┌──
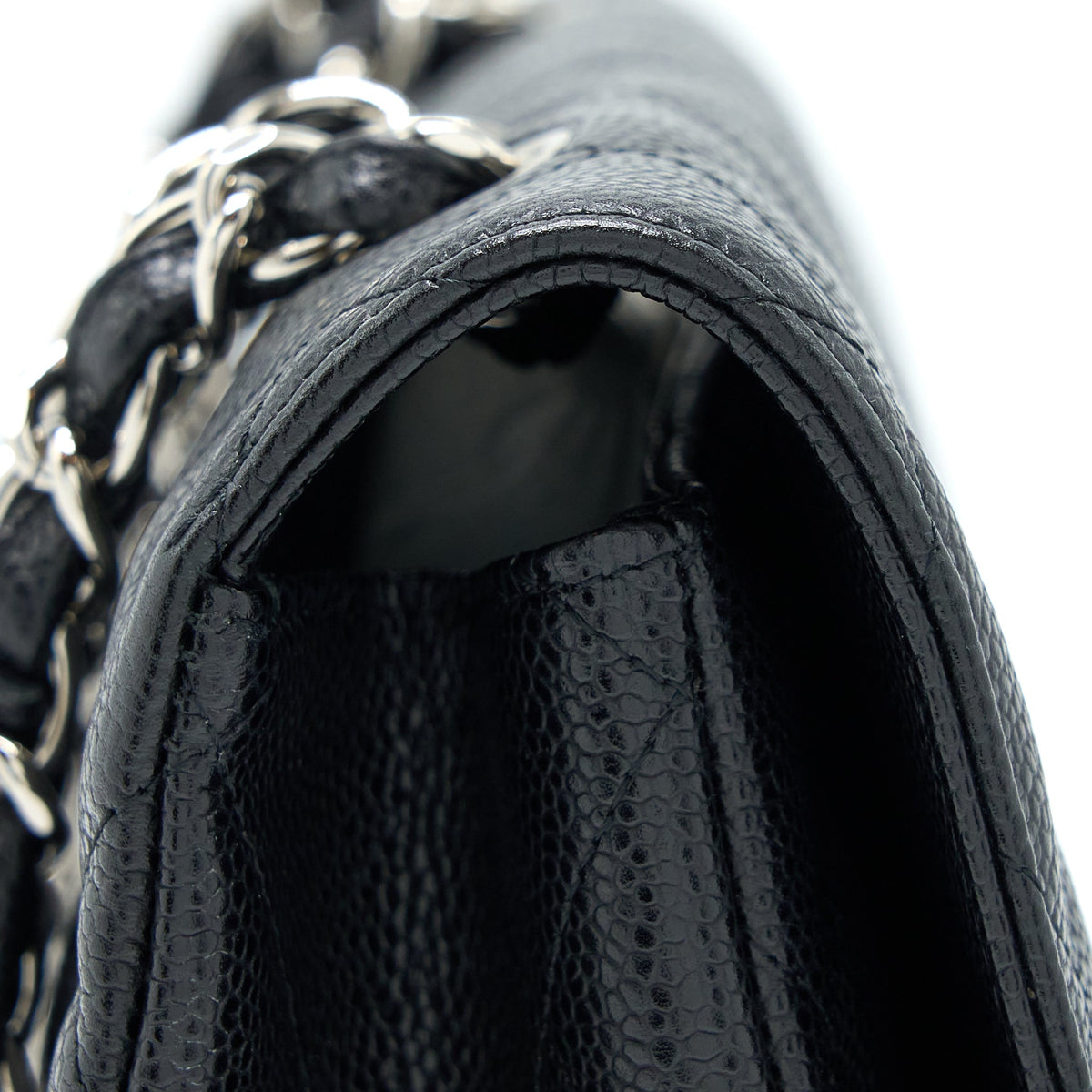 CHANEL JUMBO SINGLE FLAP BAG CAVIAR BLACK SHW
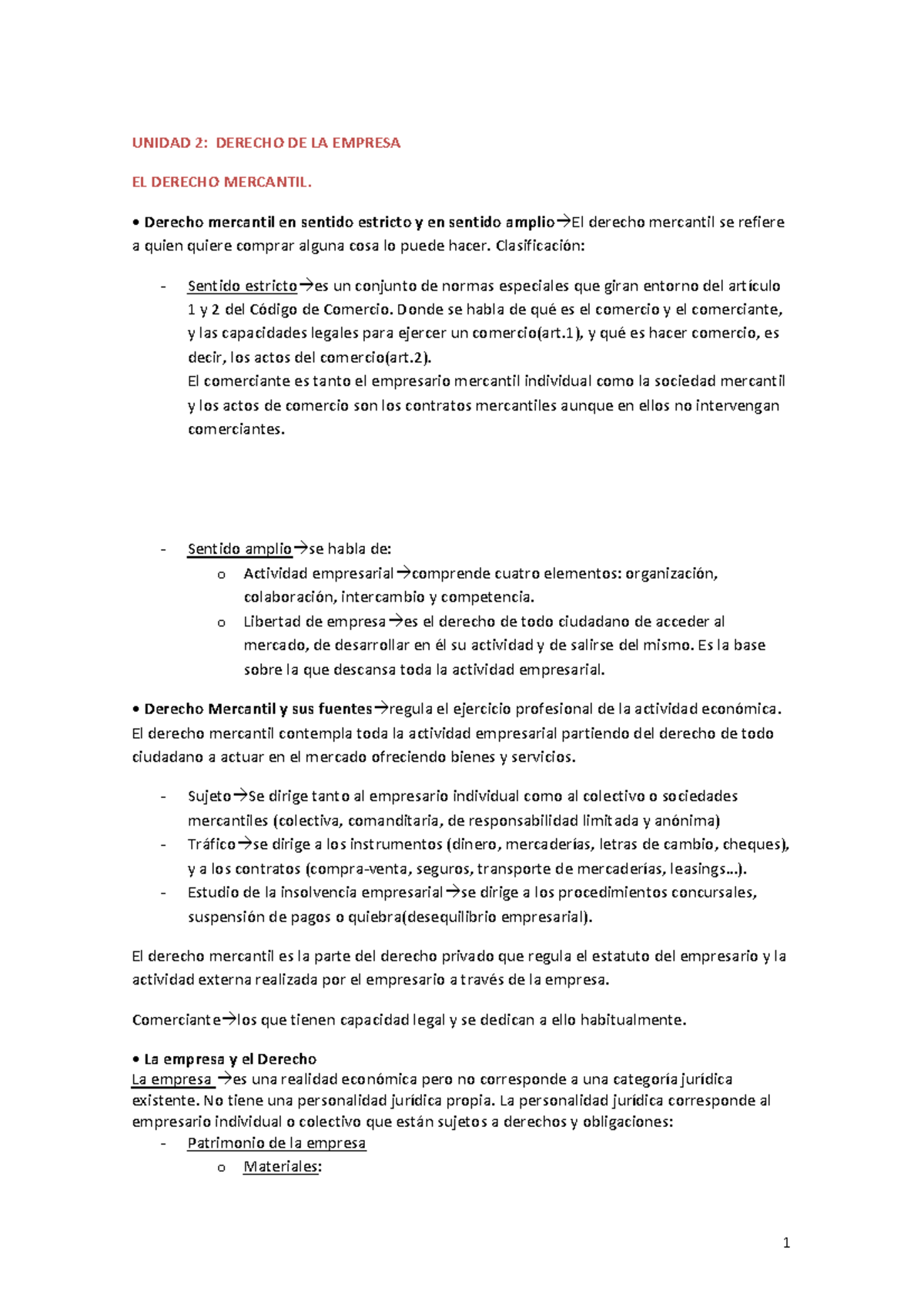 Tema 2. Derecho Mercantil - UNIDAD 2: DERECHO DE LA EMPRESA EL DERECHO ...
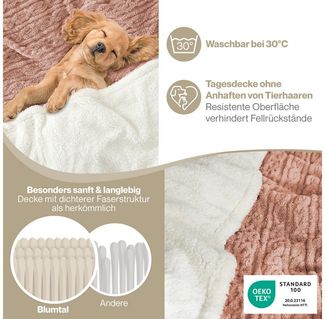 Wohndecke Oeko-TEX zertifizierte waschbare Wohn- & Kuscheldecke, Blumtal, mit weicher Sherpa-Innenseite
└──
Task: Drop every picture from the data, then output all the rest exactly.

Answer space:
 CHANEL JUMBO SINGLE FLAP BAG CAVIAR BLACK SHW
 Tema 2. Derecho Mercantil - UNIDAD 2: DERECHO DE LA EMPRESA EL DERECHO ...
 Wohndecke Oeko-TEX zertifizierte waschbare Wohn- & Kuscheldecke, Blumtal, mit weicher Sherpa-Innenseite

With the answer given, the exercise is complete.